Female stars are ‘destroyed’ by pressures of body image ‘As women we‘re judged enough to look a certain way’
Hayes praise for Kirby taking on online trolls
CHElSEA boss Emma Hayes says female players are being ‘ destroyed’ by the pressures of body image and praised Fran Kirby for opening up over ‘ harmful’ comments from online trolls.
Kirby features in Chelsea’s new documentary Nothing Stops Us, which explores research into new technology to help female athletes.
In one clip, the England international forward, 30, was asked why she was wearing a jumper and responded by saying: ‘Because I get called fat all the time, so I have to cover it up.’
She went on to talk about how nutrition was a key part of her recovery from a serious knee injury, but explained there is a ‘fear’ of carbohydrates in the women’s game due to possible weight gain.
Hayes has been vocal on the pressures that female players face to ‘look good’ and has long argued that a lack of education around nutrition can lead to eating disorders.
‘I’ve spoken a lot about why I do not believe in the women’s game we should have weigh-ins or body composition tests.
‘Body shaming is a real thing. The players feel it and I was proud of Fran for saying that, because as women we’re judged enough to look a certain way.
‘In order to perform at the level that you need to you need to eat carbs, as well as a healthy diet and, unfortunately, there is a problem in the game.
‘I’m not going to just limit it to the women’s game, there is a problem in sport with underfueling and underloading.

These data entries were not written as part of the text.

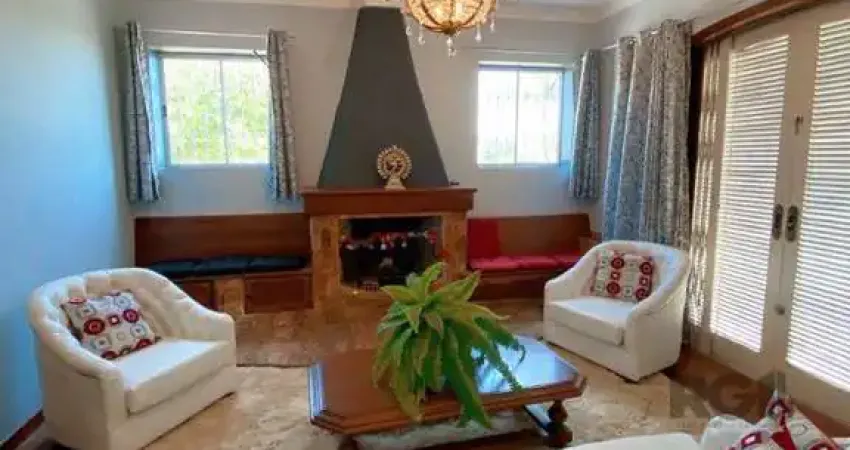 Casa com 4 quartos à venda na Rua Fernando Osório, 275, Teresópolis, Porto Alegre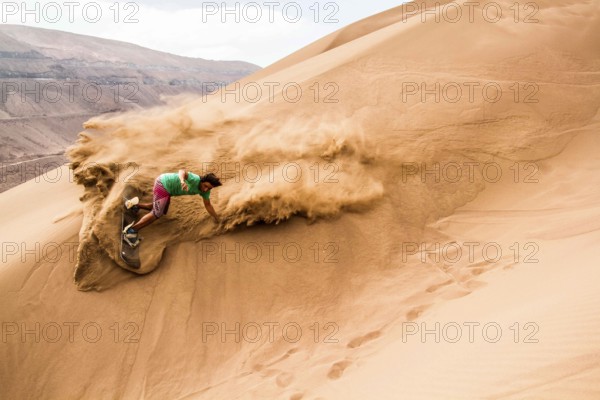 Sandboarding in Cerro Dragon, in Atacama Desert. Iquique, Tarapaca Region, Chile. 18.11.15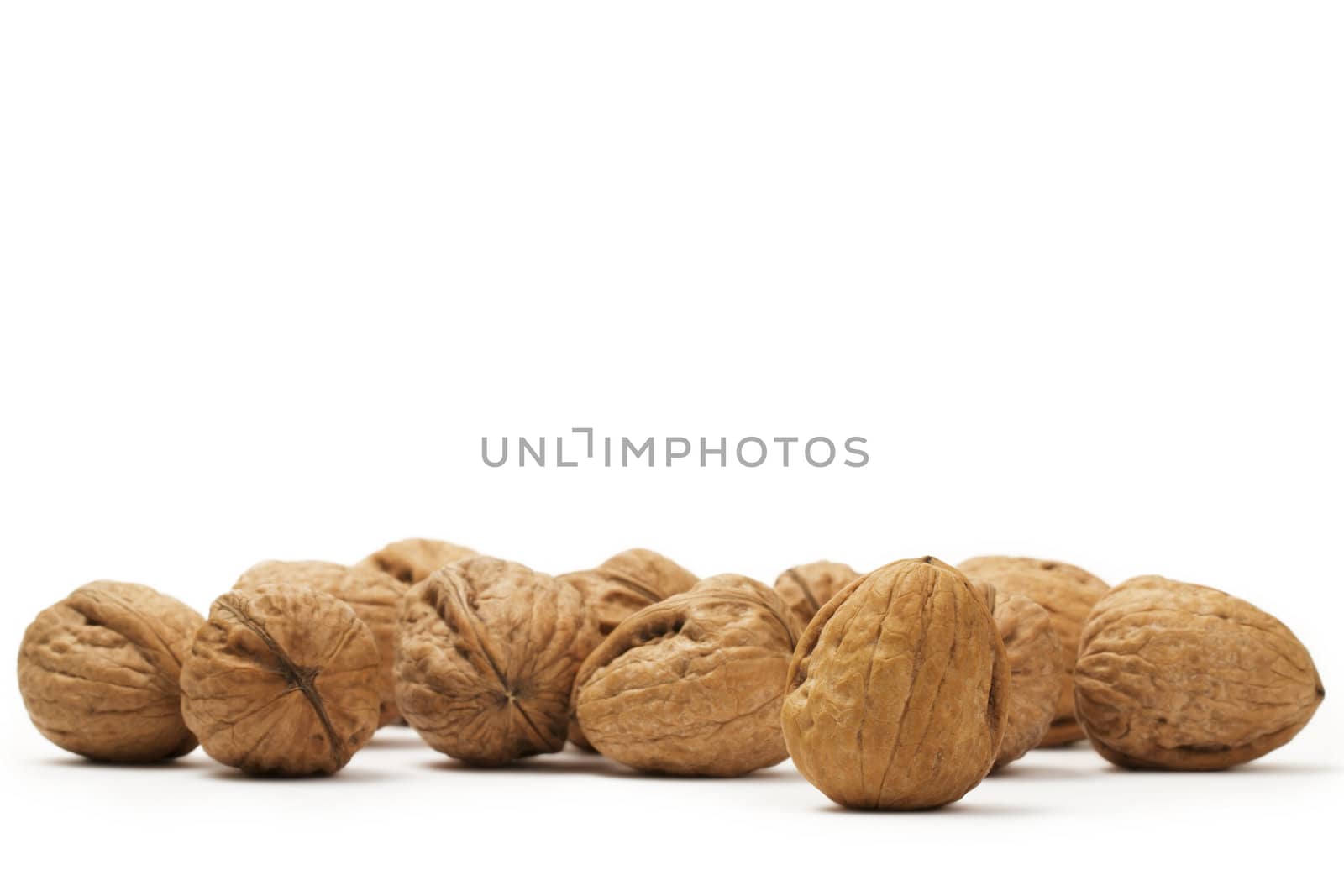a lot of walnuts on white background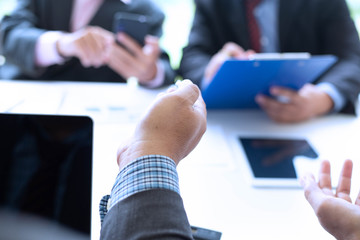 Businessman team is analyzing the cost of housing projects to live with lifestyle.business concept, soft focus, vintage tone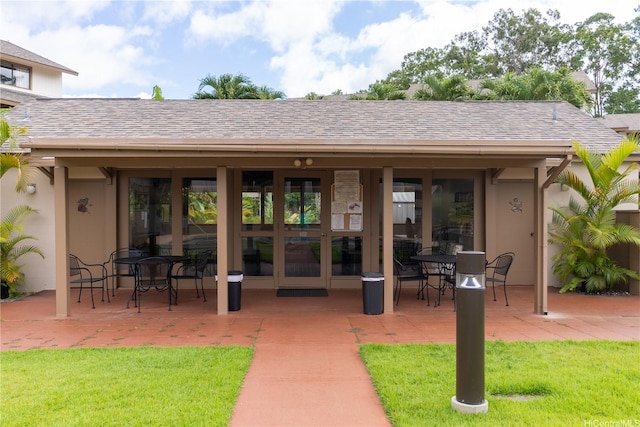 95-142 Kuahelani Ave Unit 251, Mililani, HI 96789 - view of exterior entry with a patio, roof with shingles, stucco siding, and a yard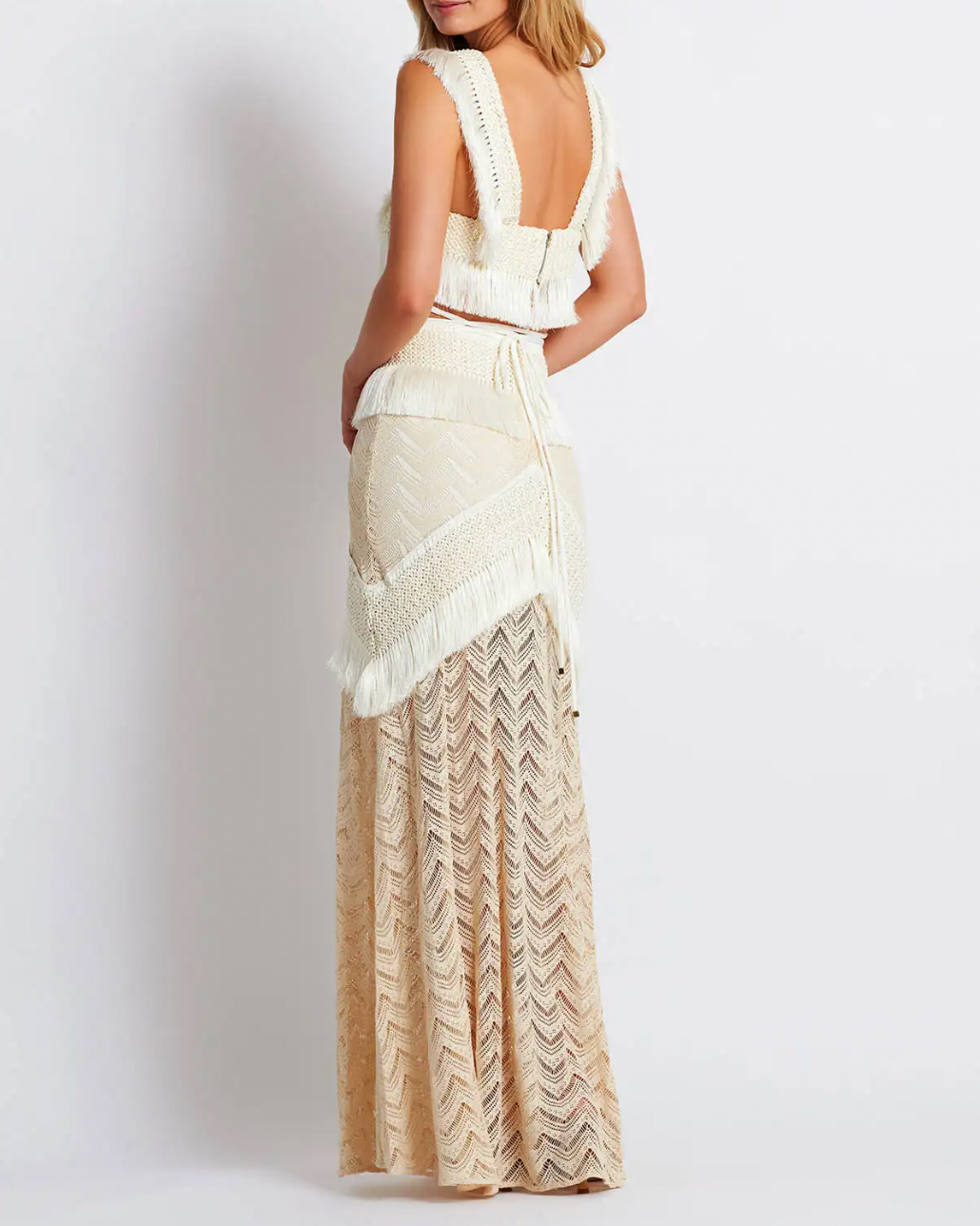 Experience elegance and boho-chic with our Fringe Trim Maxi Ensemble. Perfect for seaside parties and lively festivals, this ensemble is made from stretch modal lace and features a concealed back zip for a seamless finish. The playful fringe trims on the skirt add a touch of movement to elevate your look.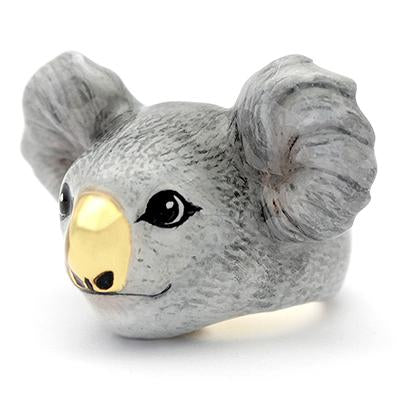 A charming ring featuring a koala's face, featuring detailed ears and a shiny gold nose.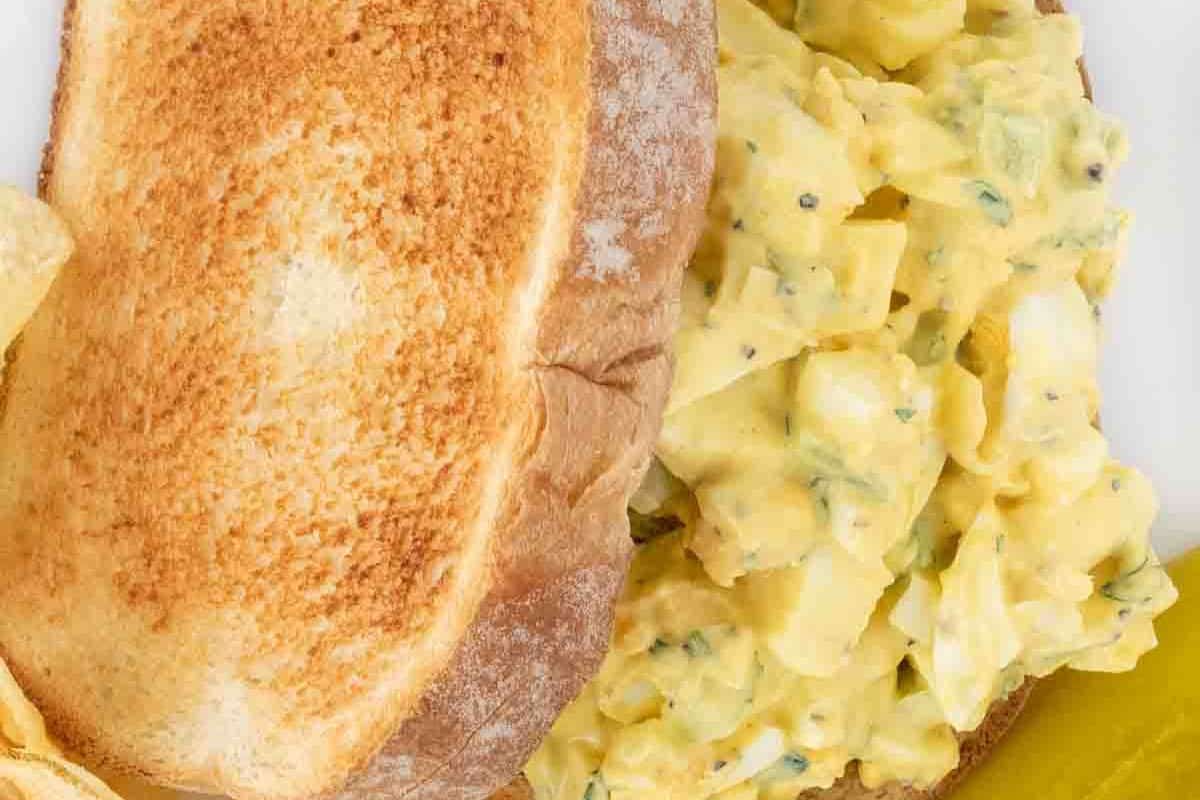 Enjoy a toasted sandwich filled with an easy egg salad recipe, perfectly paired with a side of potato chips and a crisp pickle.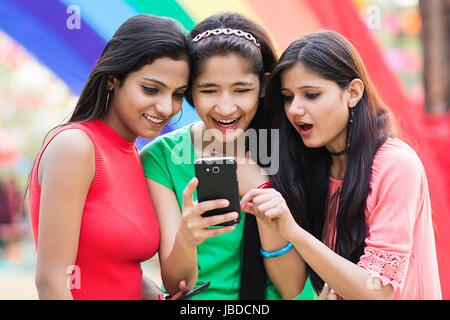 Sorpreso 3 adolescente ragazze amici lettura Telefono Messaggistica godere Fair Foto Stock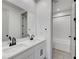 Modern bathroom featuring double sinks with white cabinets and matte black hardware at 734 Glowing Horizon St, Henderson, NV 89052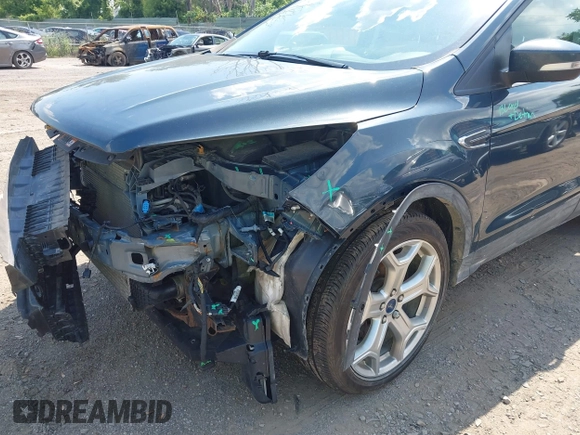 2019 Ford Escape Titanium with VIN 1FMCU9J99KUC00935, listed as a IAAI auction lot 42583250 with 91,241 mi miles and . Bid and sale history available at DreamBid. Image 6.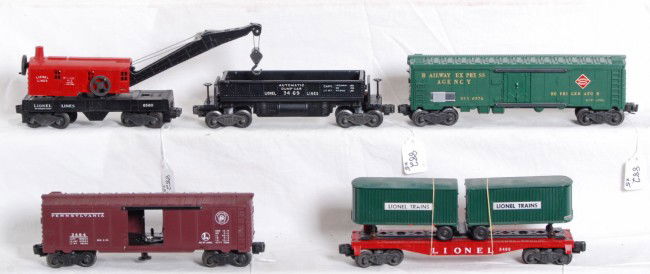 Lionel No. 3484, 3460, 6572, 3469 and 6560: Postwar Lionel O gauge No. 3484 Pennsylvania operating boxcar, 3460 flat with vans, 6572 REA reefer, 3469 dump car and 6560 operating work crane, trains look C7-8.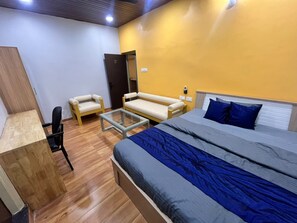 Um quarto com cama, poltrona, sofá e escrivaninha.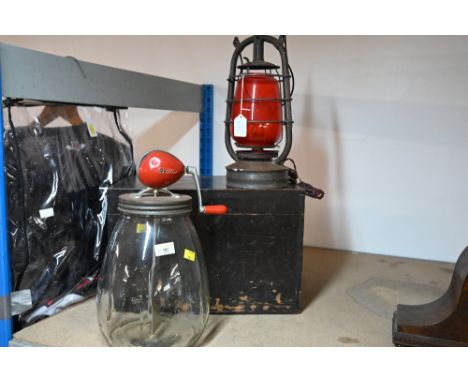 A metal storm lantern with red glass shade, a vintage Blow butter churn and a painted wooden storage box 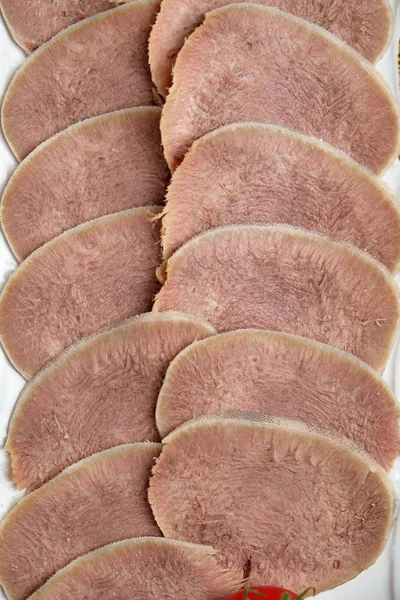 Beef tongue sliced in thin slices on a plate on a brown rustic background. restaurant menu — Stock Photo, Image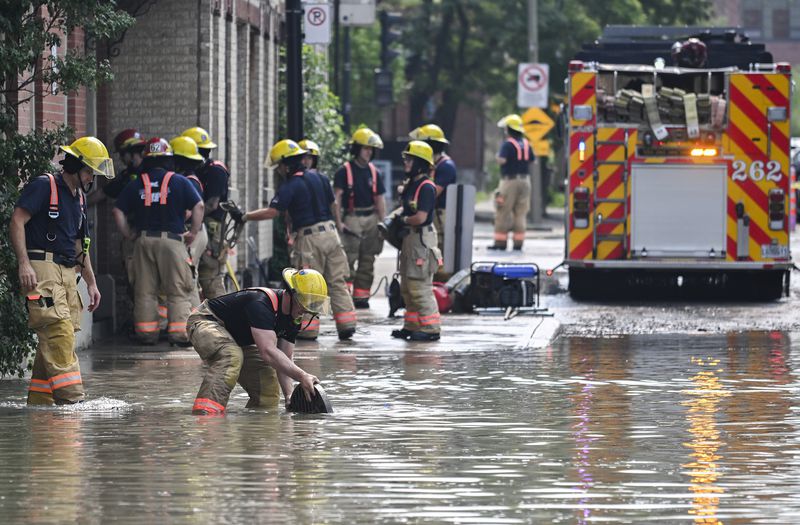 Firefighters remove a manhole cover following a water main break on a street in Montreal, Friday, Aug. 16, 2024, causing flooding in several streets of the area. (Graham Hughes/The Canadian Press via AP)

That comes with the constant demands to look a certain way and, unfortunately, a vitriolic environment that comes from social media.
‘Fran certainly fell victim to that, as other players have as well. So, again, I urge everybody to be mindful of that because we’re destroying people in many ways.
‘I’m really glad Fran said out loud what many female players do not say enough.’
Asked whether she herself has felt pressure when it comes to body image, Hayes replied: ‘Sometimes people are not kind but I guess you have to have a thick skin in my job.
‘My thing is I always want to try and educate, so I’ll always say to someone “please can you not take a photo like that” or “please can you consider that the athlete won’t like that” or “please can you just make sure you take a headshot? I don’t want you to do a zoom out with that”.
‘Educating people is important because maybe photographers are not always conscious of it, or they might take a shot of something thinking, “Well, no one has ever said that to me because I’ve only captured male footballers before”.
‘But I do think they have to think about it. I’m only talking about things all female players discuss in the background.
‘I feel the same way they do but I’m a bit older and I’m in menopause, so I’ve got my own challenges.’
Chelsea visit Aston Villa in the Women’s Super league today.